Korku en tehlikeli şeydir. Oynamaya gelmez. Karşısındakini korkutmak, korku içinde yaşatmak isteyen daima ilk ve en son korkandır. Demokrat idare milli hayatı korkunun sisine boğmak istiyordu. Sonunda onun karanlığında, hem de suçüstü kendileri yakalandılar. Ah bu tenekeden Kral Macbeth'ler... Maceraları ve sonları birbirinin ne kadar aynı oldu.
Hiçbir enstantane mahiyetlerini [hakikatlerini] bu kadar belirtemezdi. Sabık sayınların hemen hepsi, başlarında yüz milyonluk hırsız, sanki cibilliyetleri [karakterleri] hakkında en ufak bir şüphe bırakmamak için bir elde tabanca, öbür elde döviz ve para çantasıyla yakalandılar. Tarihin huzuruna ancak çift asaletleri ile resmen hırsız ve katil olarak çıkabilirlerdi.
Kaçmak üzere iken ve suçüstü... Ağzı köpüklü Adnan Menderes, kin çıkını ve Anayasa hırsızı Celâl Bayar, hepsi öldürmeye, yakıp yıkmaya ve servet ve sâmânlarıyla [tertipleriyle] kaçmaya her an hazır yaşıyorlarmış. Hayır, biz ordumuza sadece tam yerinde ve zamanında bir kurtarmayı değil, bütün bu unutulmayacak manzaraları da medyunuz [borçluyuz]. İşi o kadar güzel idare ettiler ki en cahilimizin bile mahiyetleri [içyüzleri / hakikatleri] hakkında şüphesi kalmadı.
Orduya Teşekkür...
Bize bu kurtuluşu hazırlayan, istikbalimizi [geleceğimizi] o kadar asaletle ve necabetle [soylulukla] kefaletine alan orduya nasıl teşekkür etmeli? En iyisi kendi şerefli ve fedakâr mesleklerinin bütün değerlerini toplayan kelime ile: Vazifenizi yaptınız, her zaman olduğu gibi bu sefer de vatan ve milleti, hem de tam zamanında kurtardınız! demektir. Bundan sonrasını sevinç gözyaşlarına bırakalım.

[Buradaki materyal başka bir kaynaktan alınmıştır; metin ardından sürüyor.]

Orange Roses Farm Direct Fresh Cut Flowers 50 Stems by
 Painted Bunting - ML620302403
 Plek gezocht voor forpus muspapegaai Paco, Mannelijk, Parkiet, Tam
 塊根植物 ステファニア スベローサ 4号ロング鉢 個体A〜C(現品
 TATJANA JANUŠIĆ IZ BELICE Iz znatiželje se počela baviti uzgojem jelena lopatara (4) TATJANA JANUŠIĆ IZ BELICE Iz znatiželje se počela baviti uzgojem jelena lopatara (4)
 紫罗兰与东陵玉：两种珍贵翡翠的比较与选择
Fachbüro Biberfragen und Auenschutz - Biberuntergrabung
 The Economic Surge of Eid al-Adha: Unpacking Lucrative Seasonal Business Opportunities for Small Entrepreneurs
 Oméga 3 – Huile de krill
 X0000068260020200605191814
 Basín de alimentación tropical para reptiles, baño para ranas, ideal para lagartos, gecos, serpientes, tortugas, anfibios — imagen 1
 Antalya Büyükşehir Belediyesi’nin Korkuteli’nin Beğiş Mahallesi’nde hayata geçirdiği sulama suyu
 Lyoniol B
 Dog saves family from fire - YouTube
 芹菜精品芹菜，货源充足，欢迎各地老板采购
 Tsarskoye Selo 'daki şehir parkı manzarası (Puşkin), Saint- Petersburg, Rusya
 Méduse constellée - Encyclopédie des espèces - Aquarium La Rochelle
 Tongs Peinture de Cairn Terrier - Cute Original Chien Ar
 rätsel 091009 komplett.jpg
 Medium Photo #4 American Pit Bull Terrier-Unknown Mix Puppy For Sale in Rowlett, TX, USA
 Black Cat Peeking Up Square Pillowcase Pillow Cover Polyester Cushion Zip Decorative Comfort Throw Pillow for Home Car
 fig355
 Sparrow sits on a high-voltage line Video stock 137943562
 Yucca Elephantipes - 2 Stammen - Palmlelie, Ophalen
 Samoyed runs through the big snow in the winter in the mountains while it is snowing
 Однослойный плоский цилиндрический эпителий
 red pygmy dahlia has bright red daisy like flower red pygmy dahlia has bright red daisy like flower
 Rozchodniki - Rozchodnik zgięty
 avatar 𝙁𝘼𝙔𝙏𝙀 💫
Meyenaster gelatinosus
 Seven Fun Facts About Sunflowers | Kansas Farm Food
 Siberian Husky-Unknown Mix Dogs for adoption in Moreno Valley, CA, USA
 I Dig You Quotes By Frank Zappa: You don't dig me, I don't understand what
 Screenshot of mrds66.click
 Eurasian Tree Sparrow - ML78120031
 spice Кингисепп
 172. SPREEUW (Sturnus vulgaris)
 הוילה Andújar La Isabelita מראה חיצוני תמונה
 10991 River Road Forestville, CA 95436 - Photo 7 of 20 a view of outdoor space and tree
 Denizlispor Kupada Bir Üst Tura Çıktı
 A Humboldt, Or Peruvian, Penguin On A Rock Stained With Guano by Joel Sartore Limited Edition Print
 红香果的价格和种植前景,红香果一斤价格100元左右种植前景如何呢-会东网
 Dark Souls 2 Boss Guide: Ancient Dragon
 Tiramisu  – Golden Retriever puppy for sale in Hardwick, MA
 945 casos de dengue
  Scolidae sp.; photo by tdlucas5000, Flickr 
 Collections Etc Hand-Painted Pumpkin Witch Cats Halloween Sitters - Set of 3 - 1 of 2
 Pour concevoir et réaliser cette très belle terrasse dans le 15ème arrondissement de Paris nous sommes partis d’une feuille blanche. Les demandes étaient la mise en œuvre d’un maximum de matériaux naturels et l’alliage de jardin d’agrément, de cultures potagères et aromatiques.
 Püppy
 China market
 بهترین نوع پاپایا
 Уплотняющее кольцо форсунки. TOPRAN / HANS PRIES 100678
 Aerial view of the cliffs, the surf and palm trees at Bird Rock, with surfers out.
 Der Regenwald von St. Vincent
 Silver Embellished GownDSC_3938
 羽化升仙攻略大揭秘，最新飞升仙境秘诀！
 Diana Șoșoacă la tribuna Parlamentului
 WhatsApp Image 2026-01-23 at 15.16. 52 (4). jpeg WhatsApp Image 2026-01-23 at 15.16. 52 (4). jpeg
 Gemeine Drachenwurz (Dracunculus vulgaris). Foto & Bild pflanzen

Efsaneye göre Augeas, Kral Ellis'in oğludur ve ülkesindeki en büyük ahırlara sahiptir. Hizmetçiler ahırların temizlenmesine yetişemediklerinden yıllarca biriken dışkılar etrafı yaşanmaz kılmıştı. Sadece ahırlarda değil, hayvanların otladıkları çayırlar üzerinde de biriken dışkılar yüzünden topraklar sürülemez hale gelmişti.